◆ Task data
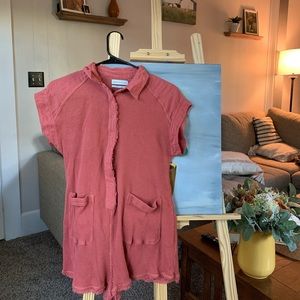 Coral Romper from Urban!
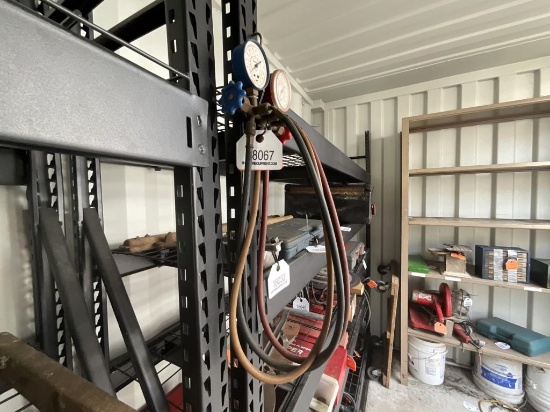 Manifold Pressure Gauge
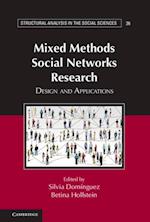 Mixed Methods Social Networks Research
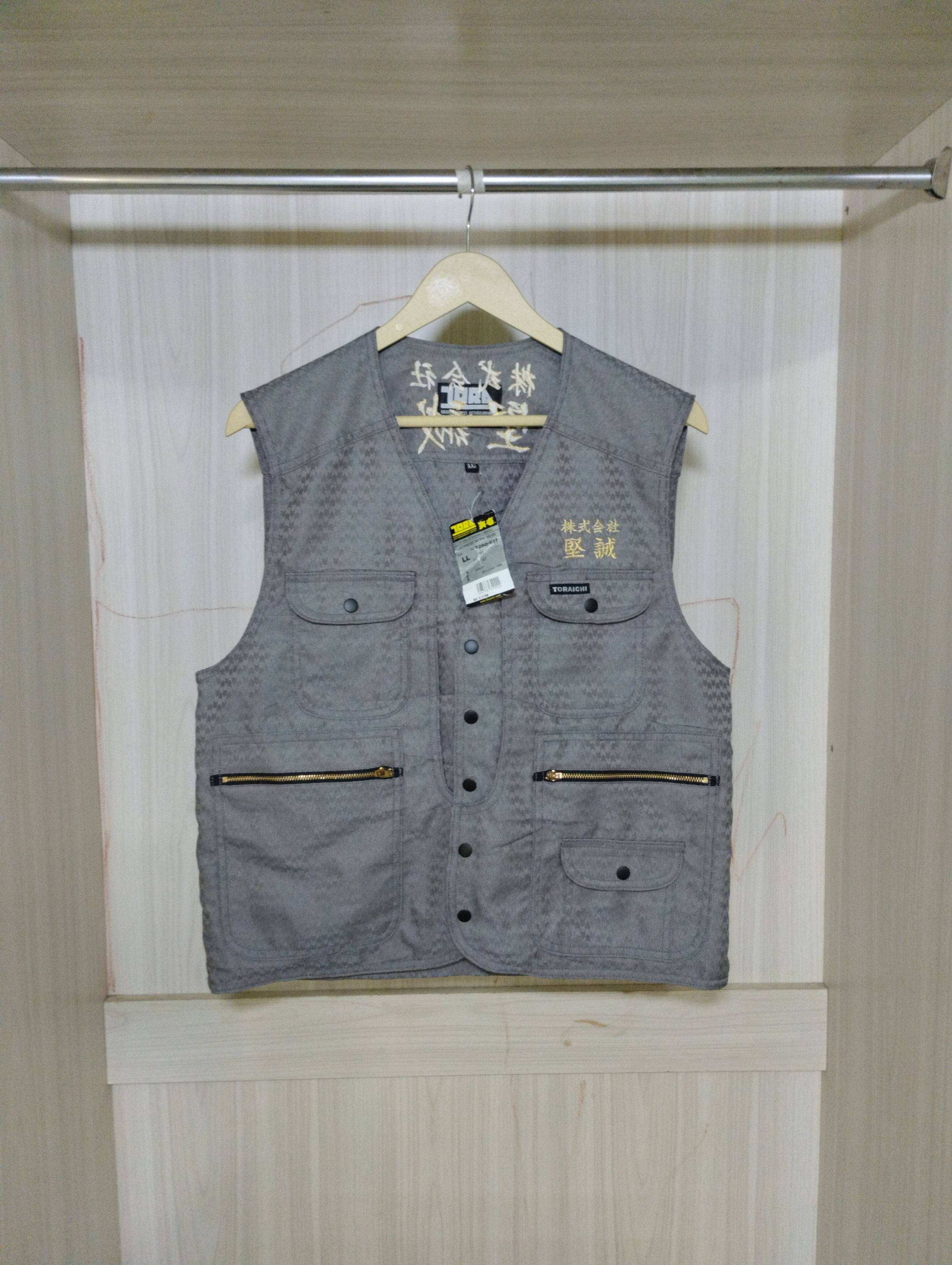 Japanese Brand × Vintage Toraichi vest japanese Size US L / EU 52-54 / 3 - 1 Thumbnail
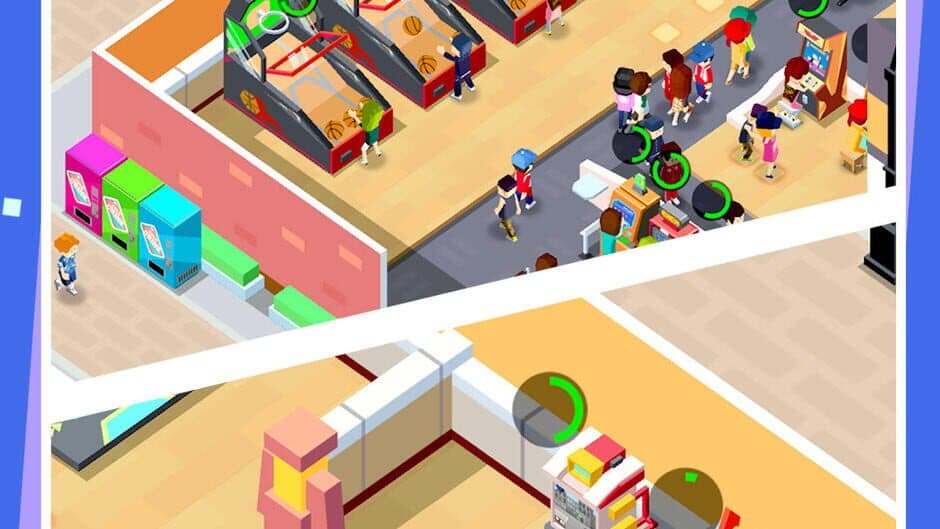 Скриншот 2 из Idle Arcade Tycoon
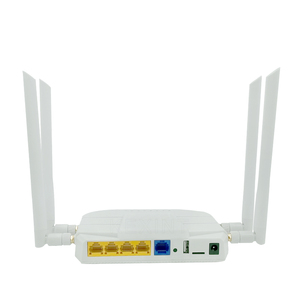 KEXINT Wi-Fi маршрутизатор 4K потоковый длинный диапазон крышка с USB-портами двухдиапазонный беспроводной маршрутизатор - Product Image 4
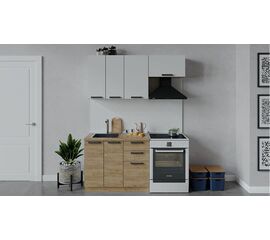 Кухонный гарнитур «Детройт» длиной 160 см | Интернет магазин мебели и декора LifeDekor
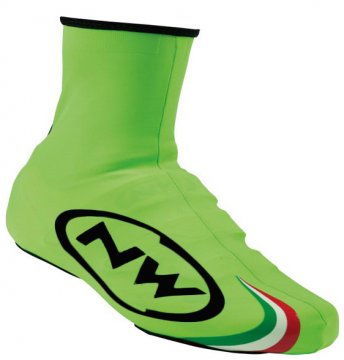 2014 NW Copriscarpe Ciclismo Verde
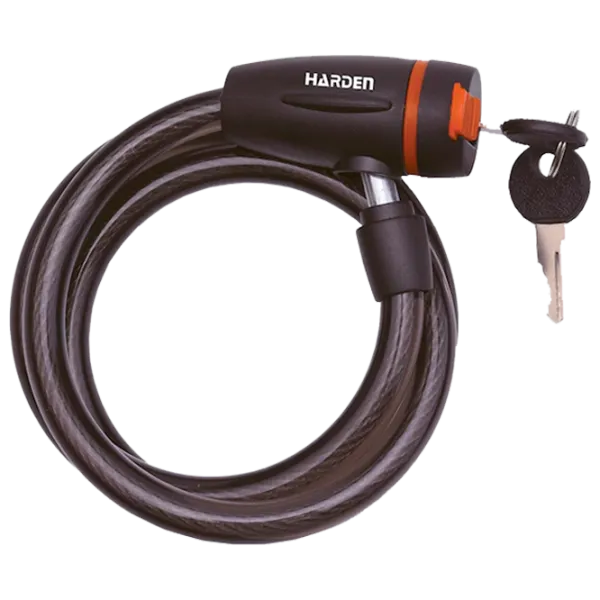 Lacăt Harden Pro Black Orange photo 1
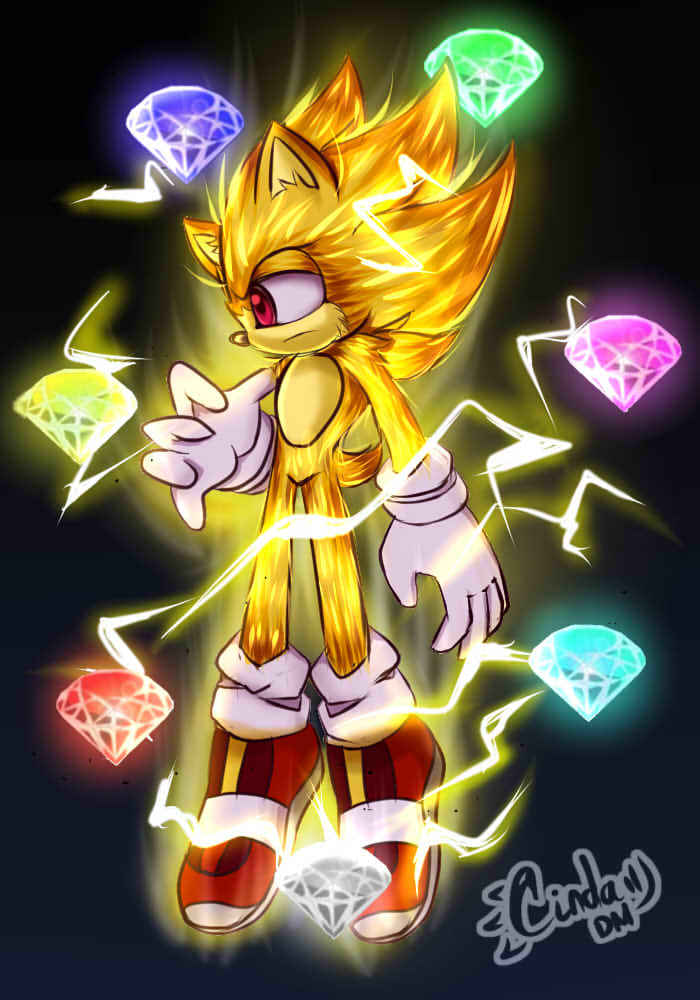 Super Sonic Movie by happy0295 on DeviantArt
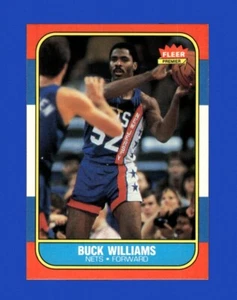 1986-87 Fleer Set-Break #123 Buck Williams NR-MINT *GMCARDS* - Picture 1 of 2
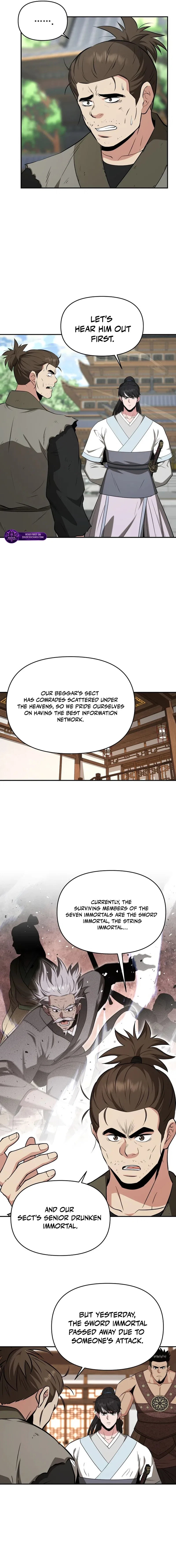 The World’s Best Kunlun Tavern Chapter 106 – Page 7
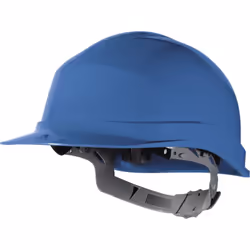 Delta Plus ZIRCON1, Polypropylène (PP), Bleu, Unisexe, 53-62 cm, Entretien des installations, Meulage, Fonctionnement de la m ...
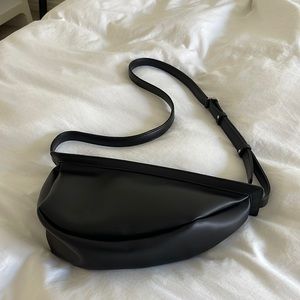 Slouch Baguette Shoulder Bag
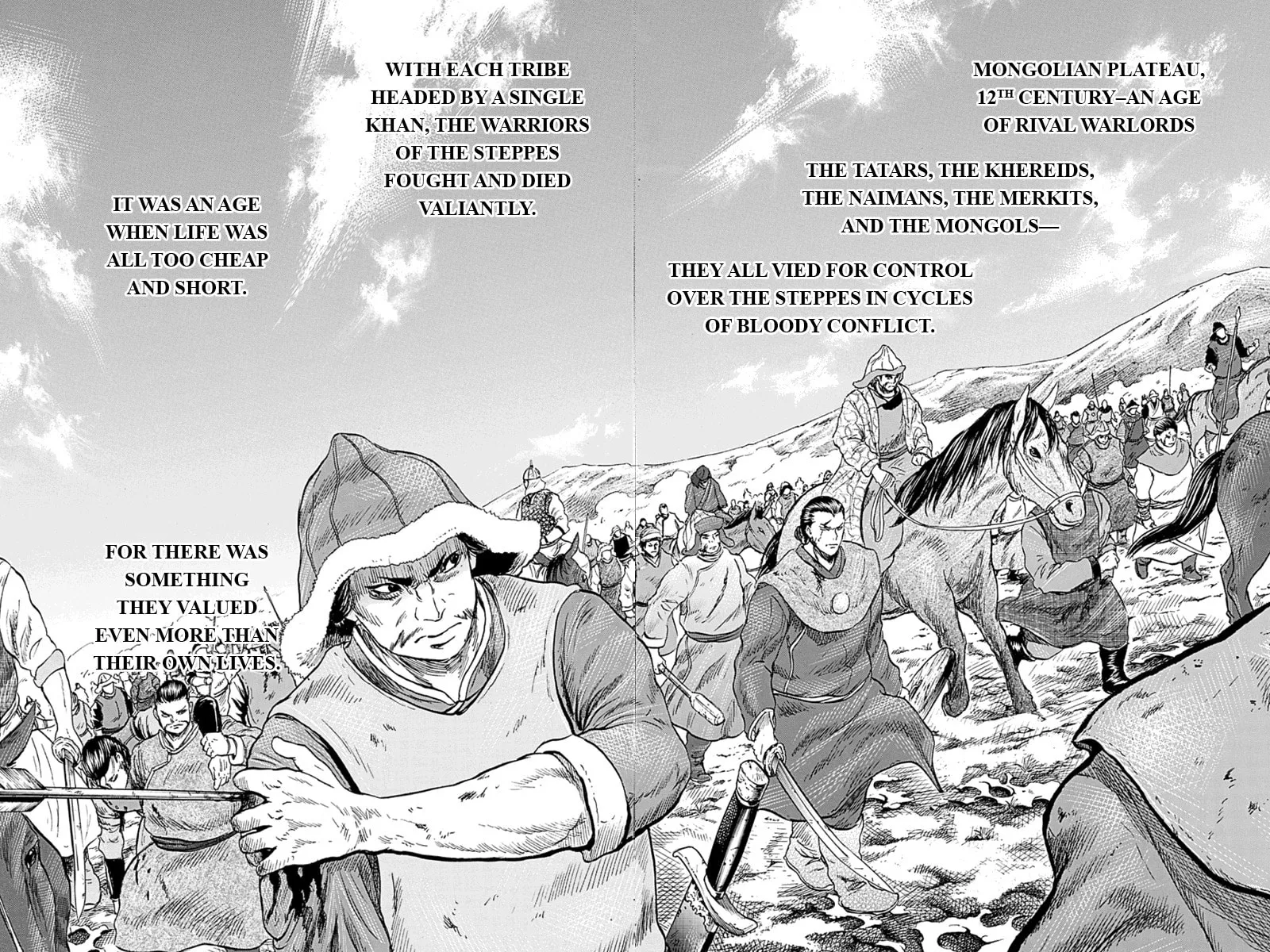 Read Horizon chapter 8 image 7 on Lezhin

◆ Exercise details
Leaving the images out, return every record exactly.

◆ Answer for the task
 Coral Romper from Urban!
 Manifold Pressure Gauge
 Mixed Methods Social Networks Research
 Japanese Brand × Vintage Toraichi vest japanese Size US L / EU 52-54 / 3 - 1 Thumbnail
 Скриншот 2 из Idle Arcade Tycoon
 KEXINT Wi-Fi маршрутизатор 4K потоковый длинный диапазон крышка с USB-портами двухдиапазонный беспроводной маршрутизатор - Product Image 4
 Кухонный гарнитур «Детройт» длиной 160 см | Интернет магазин мебели и декора LifeDekor
 2014 NW Copriscarpe Ciclismo Verde
 Lacăt Harden Pro Black Orange photo 1
 Super Sonic Movie by happy0295 on DeviantArt
 1986-87 Fleer Set-Break #123 Buck Williams NR-MINT *GMCARDS* - Picture 1 of 2
 The World’s Best Kunlun Tavern Chapter 106 – Page 7
 Delta Plus ZIRCON1, Polypropylène (PP), Bleu, Unisexe, 53-62 cm, Entretien des installations, Meulage, Fonctionnement de la m ...
 Slouch Baguette Shoulder Bag
 Read Horizon chapter 8 image 7 on Lezhin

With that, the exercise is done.